Suivant une doctrine toute semblable à celle que Massoudi attribue aux Indiens, Platon veut, ici que tout, être passe alternativement d’une jeunesse féconde à une vieillesse stérile ; pour chacun d’eux, cette succession de croissance et de décrépitude correspond au parcours plus ou moins rapide d’un certain cercle (περιτροπαὶ ἑκάστοις κύκλων περιφορὰς ξυνάπτωσι, βραχυϐίοις μὲν βραχυπόρους, ἐναντίοις δὲ ἐναντίας.). Parmi ces circulations périodiques, il en est une qui régit la prospérité et la décrépitude de toutes les choses humaines ; mais la période de celle-ci est subordonnée au Nombre parfait qui mesure la période du mouvement des astres.

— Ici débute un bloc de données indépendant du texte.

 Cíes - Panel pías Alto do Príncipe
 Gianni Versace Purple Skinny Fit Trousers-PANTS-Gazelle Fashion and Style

Ce Nombre parfait, Platon ne le nomme pas explicitement : il indique la formule qui permet de l’obtenir. Cette formule a vivement attiré l’attention des commentateurs et des historiens modernes, soit que leur sagacité s’exerçât à en deviner le sens soit qu’elle désespérât d’y parvenir. Le dernier et, semble-t-il, le plus heureux de ces chercheurs est M. J. Dupuis[1]. Selon les conjectures très vraisemblables de cet auteur, le Nombre parfait qui ramène au même état l’ensemble des êtres divins et engendrés, qui mesure donc la Grande Année platonicienne, serait 760000 ans. Il est ainsi multiple du cycle luni-solaire de Méton, qui compte dix-neuf années et 235 lunaisons, et de la myriade d’années, période au bout de laquelle, selon Platon, chaque âme revient à son point de départ[2].

Il semble bien clair que le Nombre parfait de Platon n’est autre que celui qui, d’après Archytas, mesure la période de la Nature universelle, τὸ διάστημα τῆς τοῦ παντὸς φύσεως.

Simplicius, d’ailleurs ne nous donne pas la doctrine d’Archytas comme isolée en l’ancienne philosophie hellène ; bien au contraire, il semble nous montrer en elle, à la fois, l’enseignement commun des Écoles pythagoriciennes au sujet du temps et la synthèse de théories très diverses. « L’enseignement des anciens, dit-il[3], s’accorde avec la définition donnée par Archytas ; les uns, en effet, comme l’indique le mot, même de temps, définissaient le temps comme une certaine évolution que l’Âme du Monde exécute autour de l’intelligence ; d’autres le rattachaient aux mouvements périodiques de l’Âme et de sa propre Intelligence ; d’autres encore

  1. Théon de Smyrne, philosophe platonicien, Exposition des connaissances mathématiques utiles pour la lecture de Platon, traduite pour la première fois du grec en français par J. Dupuis. Épilogue : Le nombre de Platon (Mémoire définitif). Paris, 1892, pp. 365-400.
  2. Platon, Phèdre, 248.
  3. Simplicii In catégorias commentaria, loc. cit., éd. cit., p. 351 ; In physicorum libros commentaria, loc. cit., éd. cit., p. 786.